In Zanzibar, Researchers Get a Splashy Show of Thanks From a Humpback
Lots and lots of whales...
The whales are surely here now and we’ve already seen our first competitive pods (“active group of competing males”)! On Sunday (July 24th) we had a group of 10 whales in the same sighting and Lucy did well to record everything in an orderly manner!! That’s the biggest group we’ve ever recorded here since the research started in 2006. It was a competitive pod and at some moments the whales almost surrounded us and we had to manoeuvre very carefully.
During the last sighting for the day, we saw one whale swimming very close to some floating empty water bottles (used as buoys attached with ropes to bottom-set gillnets or fish cages, in this case; fish cages), and shortly thereafter the whale started with some strange surface activity behaviour, splashing and rolling around all over the place and we realised that he was entangled in the ropes.
We were talking about calling the disentanglement team (who were trained during the International Fund for Animal Welfare’s workshop here during the last season) for assistance, but since we were about an hour from where the team is based and our captains had also attended that workshop, we decided first to try to cut the whale lose by ourselves.

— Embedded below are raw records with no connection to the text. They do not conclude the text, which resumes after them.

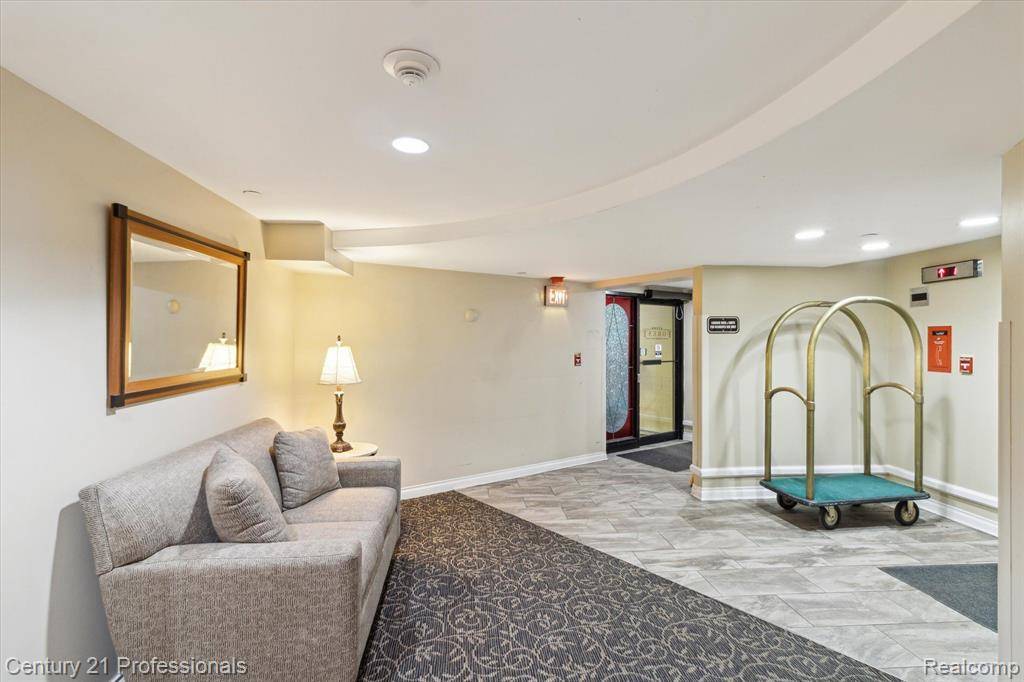 Novi, MI 48377,43100 12 OAKS CRESCENT Drive 2022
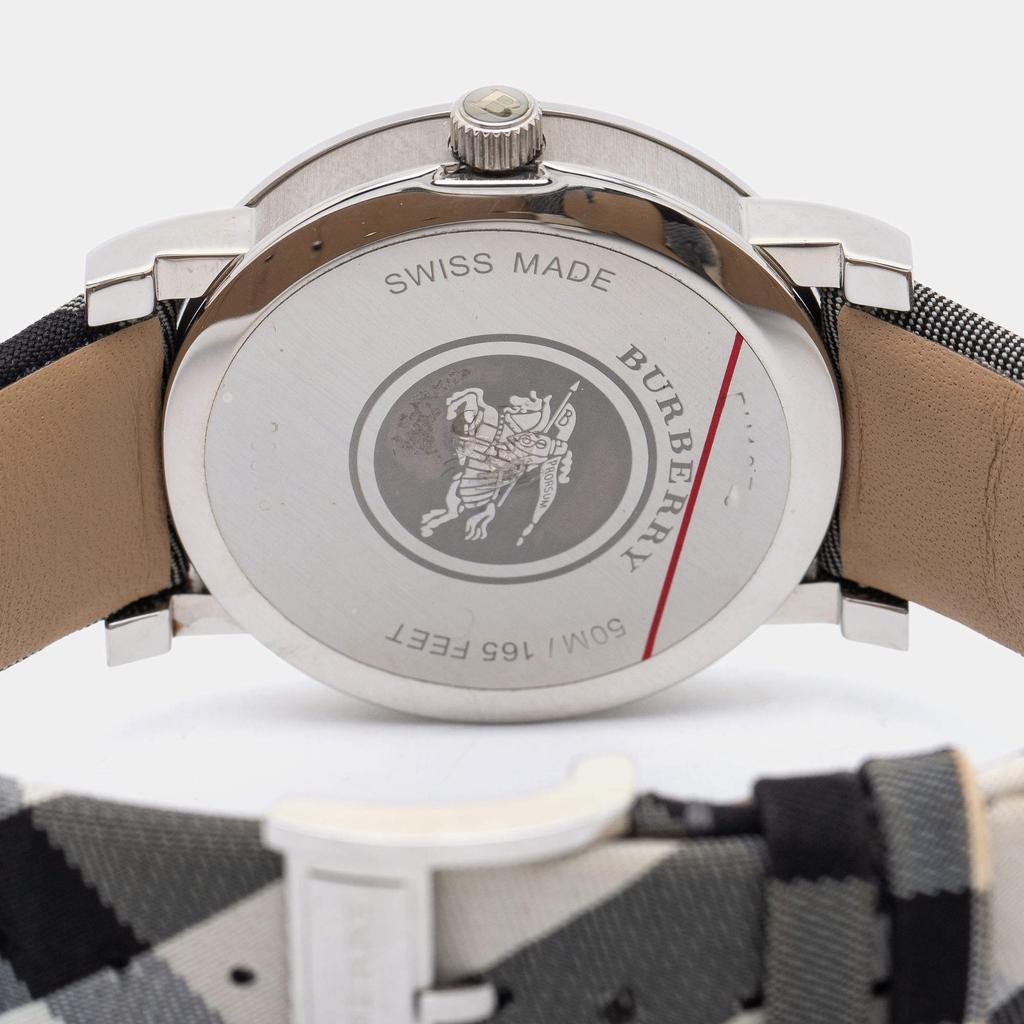 Burberry Silver Stainless Steel Heritage Nova Check BU1378 Women's Wristwatch 38 mm商品第4张图片规格展示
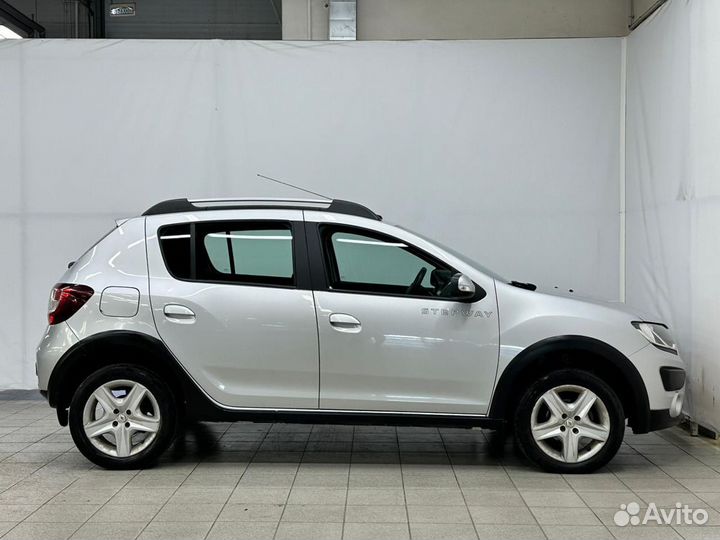 Renault Sandero Stepway 1.6 AT, 2018, 45 000 км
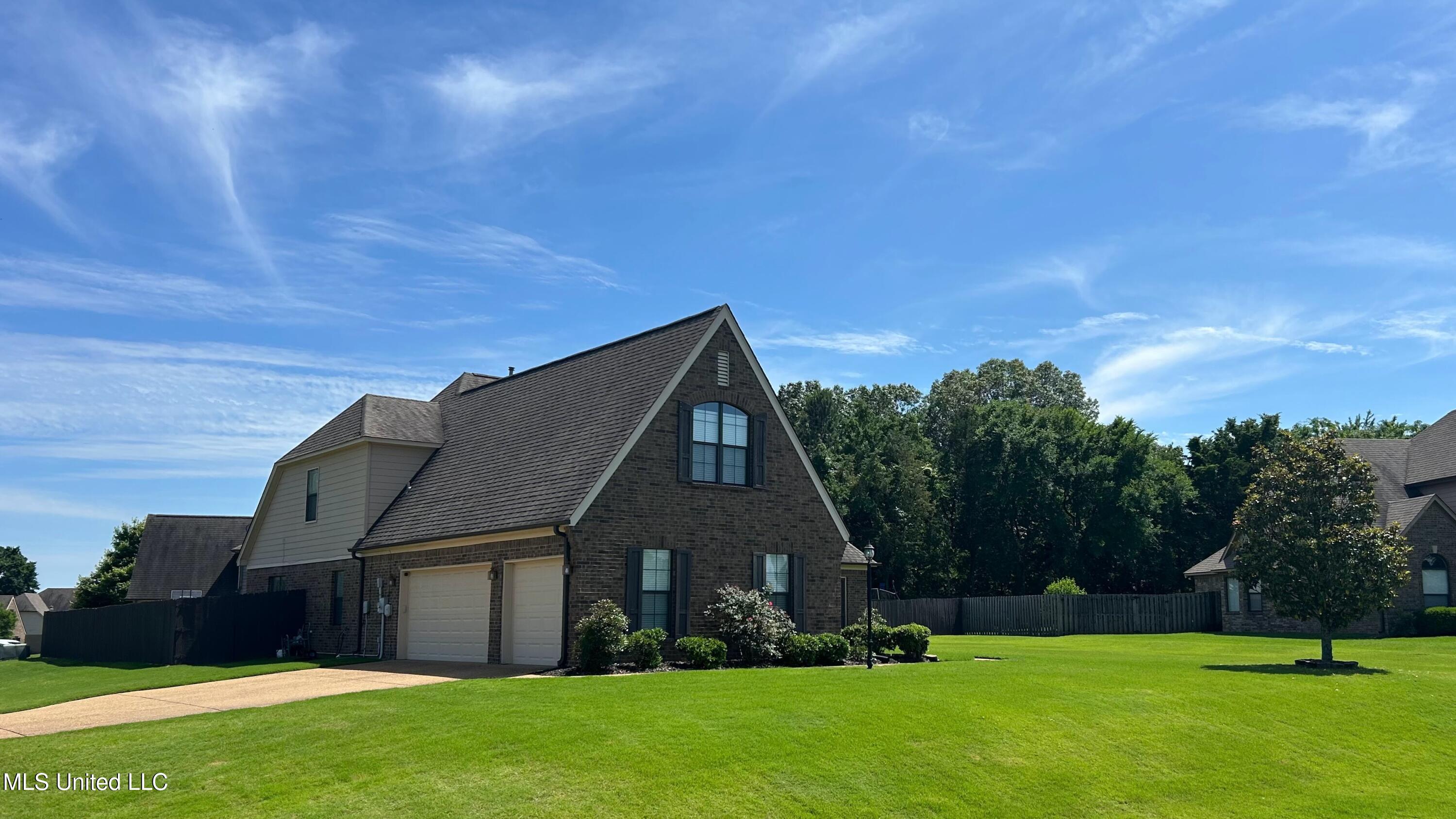 14291 Buttercup Drive, Olive Branch, Mississippi image 3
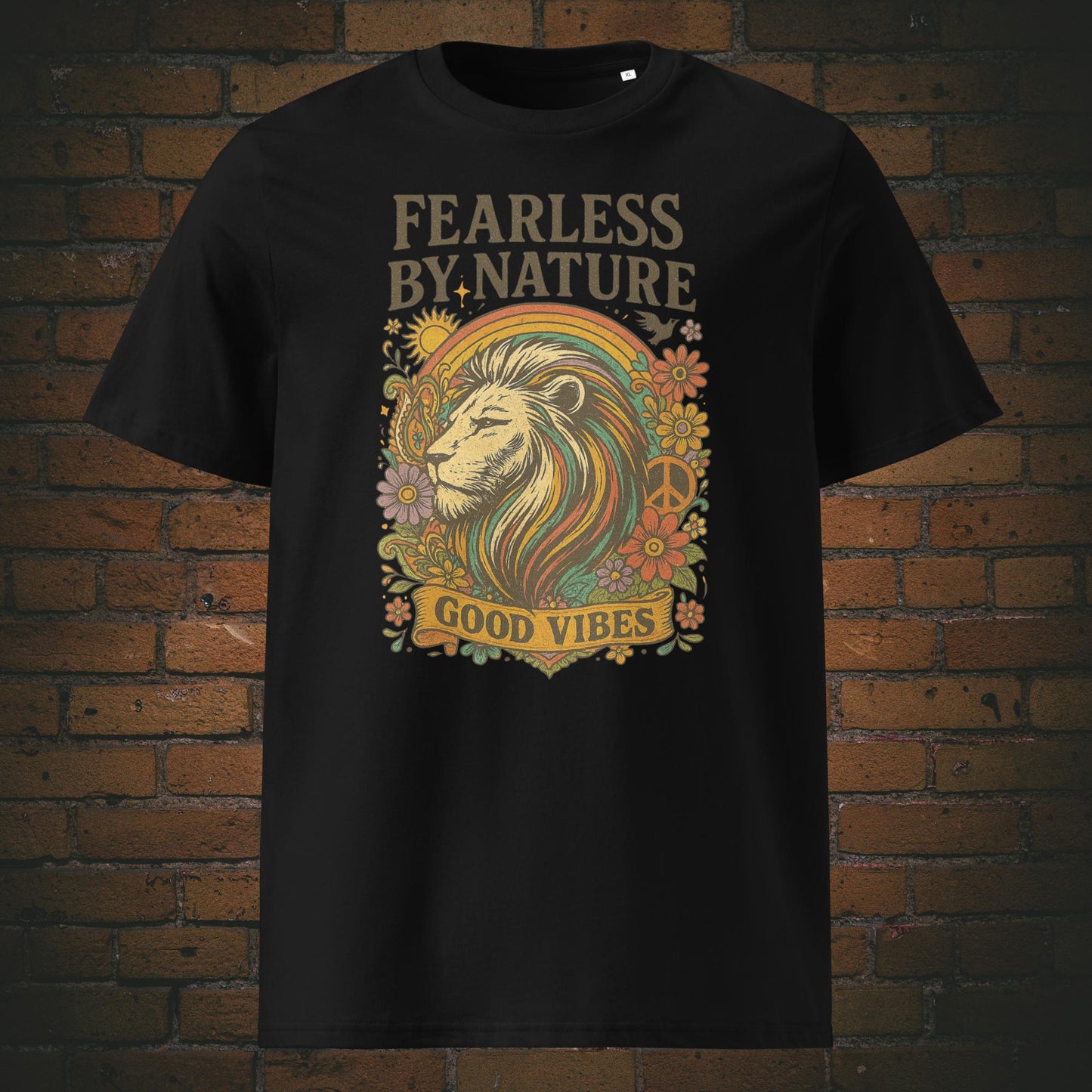 Löwenkopf mit Blumen im Hippie Style und Spruch - T-Shirt hat die Farbe: schwarz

The whale approached us after becoming entangled, almost as if he was trying to show us that he needed help. Our captains managed to catch the bottles and pulled the rope, tied it to the front of our boat and cut away as much of the rope as they could reach.

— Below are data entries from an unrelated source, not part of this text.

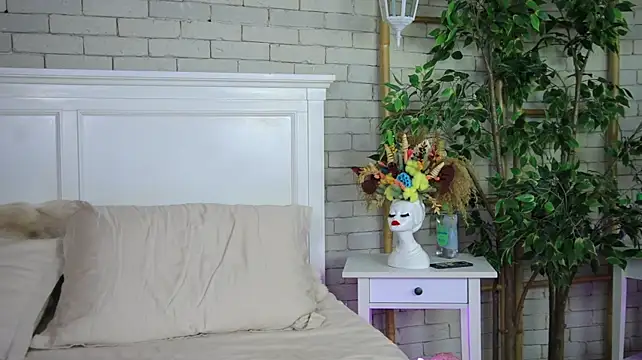 EmillyBronte live cam on StripChat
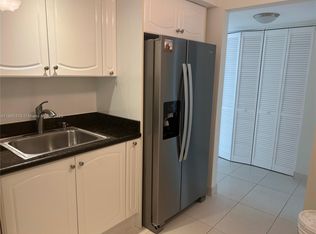 400 Leslie Dr APT 308, Hallandale Beach, FL 33009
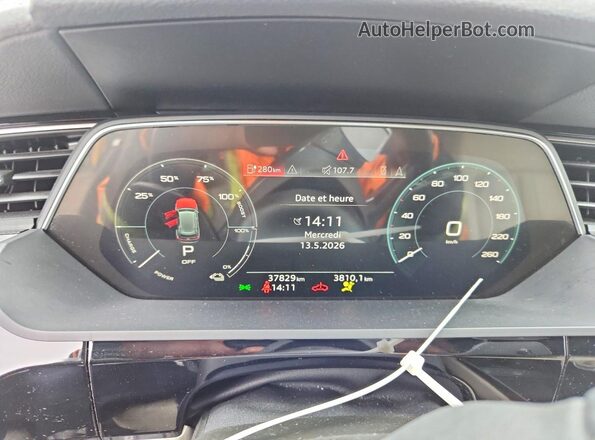 WA14ABGE4RB019884 2024 AUDI Q8 Black Սարքավորումների վահանակի տեսք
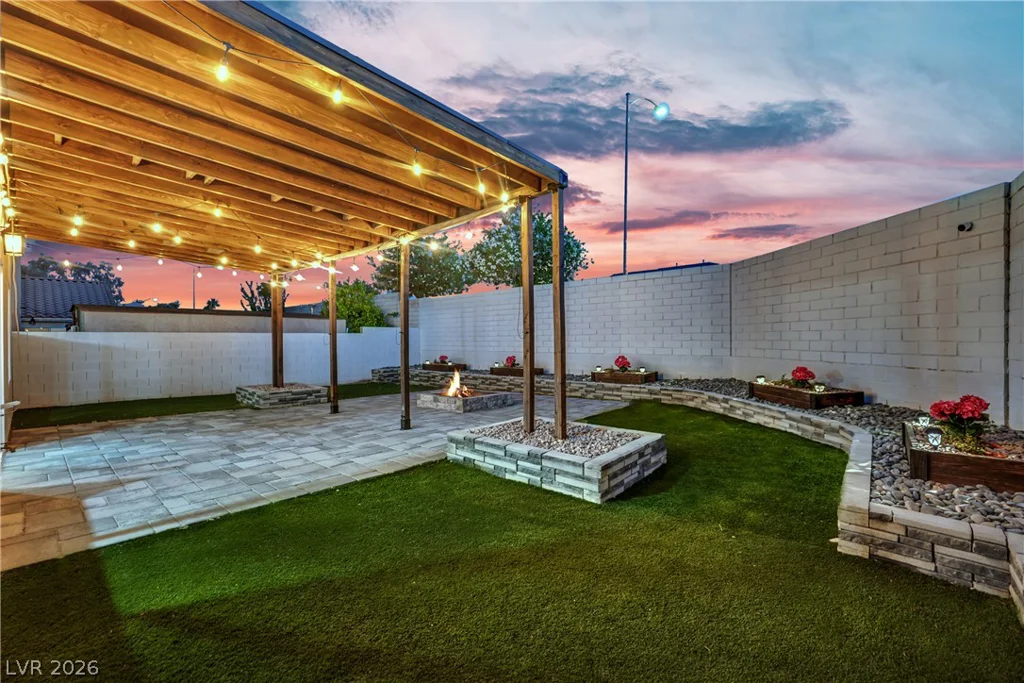 7829 Falling Pines, Las Vegas, NV 89143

Directly after, the whale did a couple of high and rapid surfacings, appearing to shake off the rest of the ropes and cages. We stayed with him for a while to see if he seemed ok, without following him too close and shortly after he calmed down and swam away, seemingly completely freed from the ropes and cages.
A good day’s work!
One of the most usual threats to whales all over the world is entanglement in fishing gear (bycatch), as we were reminded about today, also in our waters aroundZanzibar. This shows that the follow up bycatch and disentanglement workshop planned in September is much needed.

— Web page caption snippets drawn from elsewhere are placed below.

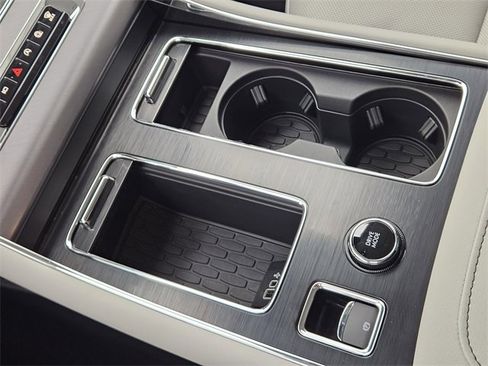 New 2026 Lincoln Aviator Premiere image 19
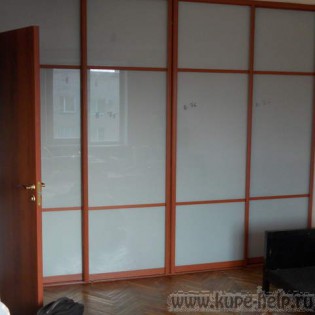 4-дверный шкаф на Трефолева, профиль - яблоня текстурная, наполнение - матовое стекло с разделителями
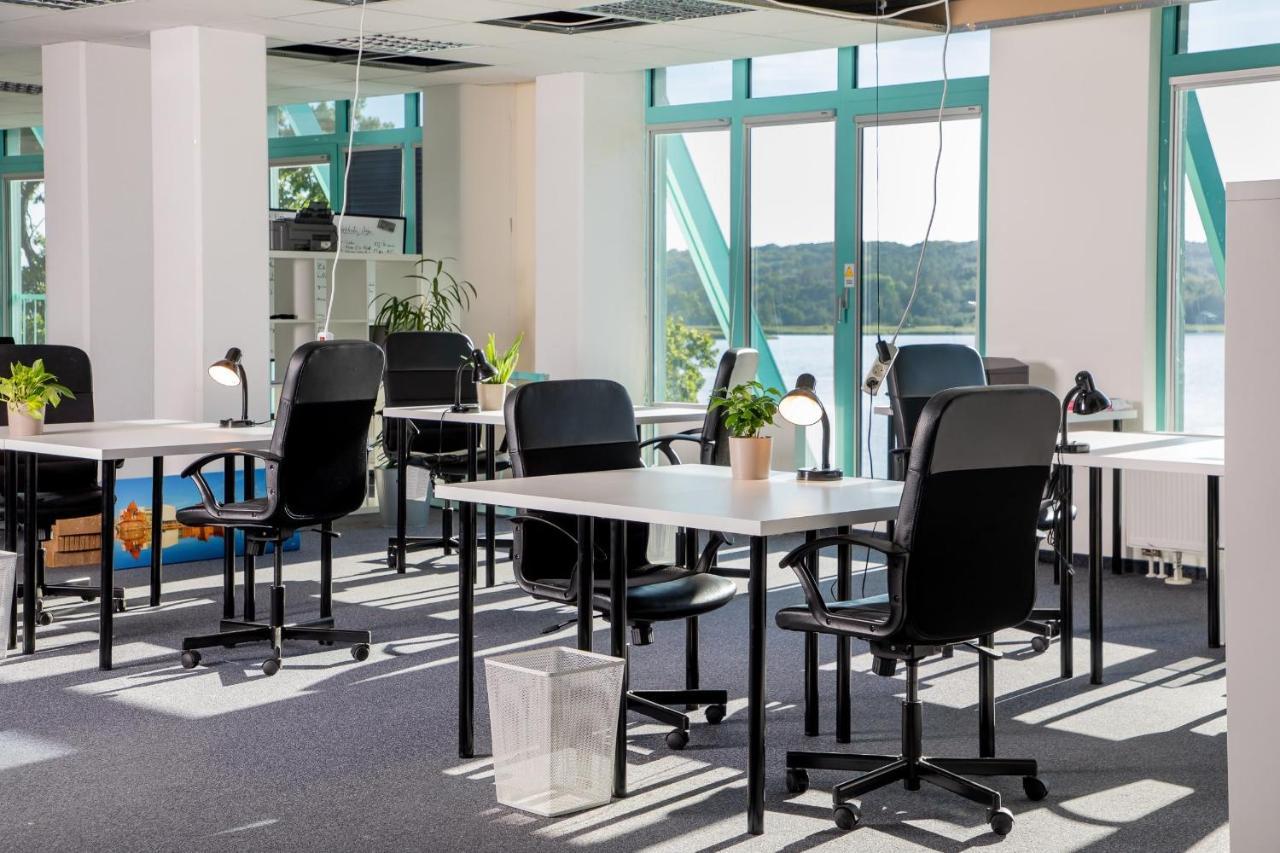 Project Bay - Workation / Coworking Hostel *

Big thanks to Mau who went to Stone town for our weekly food shopping on Sunday, when we didn’t want to leave all the whales. Unfortunately our old fridge decided to give up, but Yunusu our friend and man of all traits, wrapped it up in some old cardboard boxes and tied it together with one of our washing lines. He took it on the daladala to Juma in town the following morning to get it fixed and kindly saved our food and us by giving us some space in his family’s fridge.
The day after, we had one whale sighting not far from Dimbani and in the middle of our sighting, nine tourist boats arrived and joined us!
The weather was really rough with about 1.5m high swells and especially one of the small fibre boats were going dangerously close to the whales, and at one point a whale actually had to dive under their boat when they were blocking its way! It shows that education and regulations for the tourist boat operators are urgently needed here.
Meal of the week: Delicious dinner at Yunusu’s place, nyanya (“mini aubergines”), samaki (fish) dish with rice & mango, oranges and bananas. Yummy!!!